Only using awk I need to output this:
<a> <b> <c>
<d> <e>
<f>
I tried this awk script:
awk '{
match($0,/<[^>]+>/,a); // fill array a with matches
for (i in a) {
if (match(i, /^[0-9]+$/) != 0) // ignore non numeric indices
print a[i]
}
}' somefile.txt
but this only outputs the first match on every line:
<a>
<d>
<f>
Is there some way of doing this with match()
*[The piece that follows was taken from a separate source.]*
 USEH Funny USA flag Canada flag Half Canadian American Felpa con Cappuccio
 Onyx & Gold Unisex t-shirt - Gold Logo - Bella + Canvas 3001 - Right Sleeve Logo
or any other built-in function?
Upvotes: 18
Views: 1295
Reputation: 2915
if you really wanna do it the patmatch()
way, here's how to emulate that effect in other awk
s :
echo 'lorem <a> ipsum <b> dolor <c> sit amet,
consectetur <d> adipiscing elit <e>, sed
do eiusmod <f> tempor
incididunt ut' |
awk '
BEGIN {
RS = "^$"
} _ = gsub(/[<][^>]*[>]/, "\4&\5") {
split($!_, __, /((^|\5)[^\4]*)\4|\5[^\4]*$/)
for (_ in __)
print _, __[_]
}'
1
2 <a>
3 <b>
4 <c>
5 <d>
6 <e>
7 <f>
8
Upvotes: 0
Reputation: 2915
INPUT
lorem <a> ipsum <b> dolor <c> sit amet,
consectetur <d> adipiscing elit <e>, sed
do eiusmod <f> tempor
incididunt ut
CODE
mawk -F'^[^<]+|[^>]+$' 'gsub(">[^<]*<","> <",$!(NF=NF))^_*/./' OFS=
OUTPUT
<a> <b> <c>
<d> <e>
<f>
Upvotes: 5
Reputation: 17290
Here's a simple awk
solution based on regexps:
awk '{ gsub(/^[^<]*|[^>]*$/,""); gsub(/>[^<]*</,"> <") } NF'
edit: using NF
instead of $0 != ""
; thanks @EdMorton
For each line:
<
(excluded) or up to the end-of-line when <
isn't found.>
(excluded) or up to the start-of-line when >
isn't found.>
and <
pair with a space character.lorem <a a> ipsum <b> dolor <c> sit amet,
consectetur <d> adipiscing elit <e>, sed
do eiusmod <f> tempor
<g>incididunt ut<h><i>
h>ell<o
<j>
<a a> <b> <c>
<d> <e>
<f>
<g> <h> <i>
<j>
Remark: With exactly the same logic you can use sed
:
sed 's/^[^<]*//; s/[^>]*$//; s/>[^<]*</> </g; /^$/d'
Upvotes: 9
Reputation: 163632
Another option is to use gnu awk
with gensub. You can capture the angle brackets with optional surrounding spaces and match the rest.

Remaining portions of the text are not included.